15 March 2016 by The Great Rift Valley 13837 Views

Lake Elmenteita is derived from the Masaai word muteita, meaning “dust place”, a reference to the dryness and dustyness of the area, especially between January and March. The lake is normally very shallow (1 m deep) and bordered by trona-encrusted mudflats during the dry seasons. During the late Pleistocene and early Holocene, Lake Elmenteita was at times united with an expanded Lake Nakuru, forming a much larger dilute lake. Remnants of the former joined lake are preserved as sediments at various locations around the lake basins, including former shorelines.

Lake Elmenteita is between Lake Naivasha and Lake Nakuru. The major Nairobi-Nakuru highway.Today the lake is a protected area due to its birdlife fame and also it has been named as one of the heritage sites together with the Lake Nakuru and Lake Bogoria by UNESCO.

At the southern end of the lake are the “Kekopey” hot springs, in which the Tilapia grahami breed, very popular for bathing. The reed beds nearby are fishing grounds for night herons and pelicans
The Lake Elmenteita area saw its first white settlement when Lord Delamere (1879-1931) established Soysambu, a 48,000-acre (190 km2) ranch, on the western side of the lake. Delamere gifted the land on the other side of the lake to his brother-in-law, the Honorable Galbraith Lowry Egerton Cole (1881-1929), part of whose “Kekopey Ranch”, where he is buried,is preserved today as the Lake Elementaita Lodge.
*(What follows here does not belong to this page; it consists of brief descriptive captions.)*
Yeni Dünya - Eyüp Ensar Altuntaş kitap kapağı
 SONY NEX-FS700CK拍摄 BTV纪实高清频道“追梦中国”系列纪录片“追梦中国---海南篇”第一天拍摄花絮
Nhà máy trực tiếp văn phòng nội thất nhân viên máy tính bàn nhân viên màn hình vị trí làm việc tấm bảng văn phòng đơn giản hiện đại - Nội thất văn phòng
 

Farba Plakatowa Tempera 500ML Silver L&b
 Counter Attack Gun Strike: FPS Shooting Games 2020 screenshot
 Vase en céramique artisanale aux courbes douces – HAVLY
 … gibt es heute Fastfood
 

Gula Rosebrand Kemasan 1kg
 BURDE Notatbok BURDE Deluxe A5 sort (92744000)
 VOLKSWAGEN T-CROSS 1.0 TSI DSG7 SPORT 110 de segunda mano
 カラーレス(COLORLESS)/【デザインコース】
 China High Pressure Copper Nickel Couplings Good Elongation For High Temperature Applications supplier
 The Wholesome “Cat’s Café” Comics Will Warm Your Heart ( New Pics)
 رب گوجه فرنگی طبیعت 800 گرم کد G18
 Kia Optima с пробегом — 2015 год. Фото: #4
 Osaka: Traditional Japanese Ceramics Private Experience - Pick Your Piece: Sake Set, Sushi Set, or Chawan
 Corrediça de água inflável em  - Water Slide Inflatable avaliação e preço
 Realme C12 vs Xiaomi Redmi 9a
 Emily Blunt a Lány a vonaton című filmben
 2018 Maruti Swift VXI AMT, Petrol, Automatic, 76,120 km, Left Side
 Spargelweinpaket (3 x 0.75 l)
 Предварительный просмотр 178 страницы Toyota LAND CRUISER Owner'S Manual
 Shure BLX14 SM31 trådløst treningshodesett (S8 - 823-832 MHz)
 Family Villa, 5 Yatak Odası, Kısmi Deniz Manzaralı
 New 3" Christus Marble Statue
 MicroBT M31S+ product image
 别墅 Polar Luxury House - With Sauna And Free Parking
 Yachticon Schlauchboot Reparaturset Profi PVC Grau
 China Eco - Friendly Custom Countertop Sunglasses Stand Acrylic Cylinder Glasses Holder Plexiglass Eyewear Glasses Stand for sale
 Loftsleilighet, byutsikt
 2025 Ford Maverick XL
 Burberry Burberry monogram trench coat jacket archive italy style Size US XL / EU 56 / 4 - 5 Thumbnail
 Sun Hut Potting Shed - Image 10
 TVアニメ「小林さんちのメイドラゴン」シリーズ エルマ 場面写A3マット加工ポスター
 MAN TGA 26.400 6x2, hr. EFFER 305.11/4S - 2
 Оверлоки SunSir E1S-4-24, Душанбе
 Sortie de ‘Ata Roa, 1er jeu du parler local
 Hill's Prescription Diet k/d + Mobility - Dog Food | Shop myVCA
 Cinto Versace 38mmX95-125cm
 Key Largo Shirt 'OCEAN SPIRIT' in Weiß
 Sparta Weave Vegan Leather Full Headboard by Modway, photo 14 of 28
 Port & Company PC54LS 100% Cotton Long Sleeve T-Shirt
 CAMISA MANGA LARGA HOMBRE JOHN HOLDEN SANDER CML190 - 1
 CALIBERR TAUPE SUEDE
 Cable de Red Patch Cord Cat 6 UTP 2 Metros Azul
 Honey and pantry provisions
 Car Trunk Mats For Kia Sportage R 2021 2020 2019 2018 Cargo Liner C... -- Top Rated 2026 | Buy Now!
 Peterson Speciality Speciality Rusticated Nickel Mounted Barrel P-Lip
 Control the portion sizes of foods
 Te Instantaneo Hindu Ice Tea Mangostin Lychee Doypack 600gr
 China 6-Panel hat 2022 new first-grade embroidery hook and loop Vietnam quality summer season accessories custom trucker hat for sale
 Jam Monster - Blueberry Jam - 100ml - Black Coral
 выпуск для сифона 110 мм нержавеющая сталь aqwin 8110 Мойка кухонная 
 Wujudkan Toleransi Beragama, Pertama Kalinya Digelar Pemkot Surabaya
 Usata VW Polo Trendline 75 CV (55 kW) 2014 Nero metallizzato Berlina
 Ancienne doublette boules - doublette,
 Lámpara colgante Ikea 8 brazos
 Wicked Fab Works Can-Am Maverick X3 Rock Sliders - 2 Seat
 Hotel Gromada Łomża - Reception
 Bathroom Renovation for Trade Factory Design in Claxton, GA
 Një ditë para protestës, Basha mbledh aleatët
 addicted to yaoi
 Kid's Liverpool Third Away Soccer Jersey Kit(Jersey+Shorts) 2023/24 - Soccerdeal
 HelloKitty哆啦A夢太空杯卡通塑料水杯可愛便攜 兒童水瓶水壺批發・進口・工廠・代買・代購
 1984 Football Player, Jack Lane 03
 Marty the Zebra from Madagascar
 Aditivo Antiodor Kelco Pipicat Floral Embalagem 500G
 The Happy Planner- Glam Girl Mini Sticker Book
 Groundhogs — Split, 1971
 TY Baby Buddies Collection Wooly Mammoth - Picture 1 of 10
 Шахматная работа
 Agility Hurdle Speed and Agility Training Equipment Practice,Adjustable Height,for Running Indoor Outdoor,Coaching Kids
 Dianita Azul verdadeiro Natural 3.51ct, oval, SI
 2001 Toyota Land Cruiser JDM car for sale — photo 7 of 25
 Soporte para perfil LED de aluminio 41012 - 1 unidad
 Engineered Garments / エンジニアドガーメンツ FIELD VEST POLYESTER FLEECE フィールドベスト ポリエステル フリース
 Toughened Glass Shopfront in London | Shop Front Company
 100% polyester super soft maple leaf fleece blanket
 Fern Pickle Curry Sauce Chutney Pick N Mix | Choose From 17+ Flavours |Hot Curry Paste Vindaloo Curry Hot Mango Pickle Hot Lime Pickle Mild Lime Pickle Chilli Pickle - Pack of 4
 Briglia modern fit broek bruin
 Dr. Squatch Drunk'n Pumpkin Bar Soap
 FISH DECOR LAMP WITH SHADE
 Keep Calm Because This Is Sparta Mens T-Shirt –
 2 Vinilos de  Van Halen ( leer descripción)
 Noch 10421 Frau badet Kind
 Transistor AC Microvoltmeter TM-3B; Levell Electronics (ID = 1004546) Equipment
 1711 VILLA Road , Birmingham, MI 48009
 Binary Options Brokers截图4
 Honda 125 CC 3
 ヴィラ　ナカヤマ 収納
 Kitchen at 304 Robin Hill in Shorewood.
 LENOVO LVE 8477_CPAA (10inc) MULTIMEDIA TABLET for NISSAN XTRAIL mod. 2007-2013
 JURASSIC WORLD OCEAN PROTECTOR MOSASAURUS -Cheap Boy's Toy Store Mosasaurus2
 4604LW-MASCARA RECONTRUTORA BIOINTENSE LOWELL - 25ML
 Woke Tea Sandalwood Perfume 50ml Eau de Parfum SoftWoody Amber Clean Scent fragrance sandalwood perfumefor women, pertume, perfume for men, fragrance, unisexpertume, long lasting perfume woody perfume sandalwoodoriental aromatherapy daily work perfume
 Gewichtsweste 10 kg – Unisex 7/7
Soysambu ranch is still occupied by Lord Delamere’s descendants. Thomas P. G. Cholmondeley who has been instrumental in setting up the Soysambu conservancy. The conservancy covers 2/3 of the shoreline and is home to over 12000 wild animals. Lake Elmenteita has been a Ramsar site since 2005.Over 400 bird species have been recorded in the Lake Nakuru/Lake Elmenteita basin. Elmenteita attracts visiting flamingoes, both the Greater and Lesser, which feed on the lake’s crustacean and insect larvae and on its suspended blue-green algae, respectively. Tilapia were introduced to the lake from Lake Magadi in 1962 and since that time the flamingo population has dwindled considerably. The tilapia attract many fish-eating birds that also feed upon the flamingo eggs and chicks. The lake’s shores are grazed by Zebra, Gazelle, Eland and families of Warthog.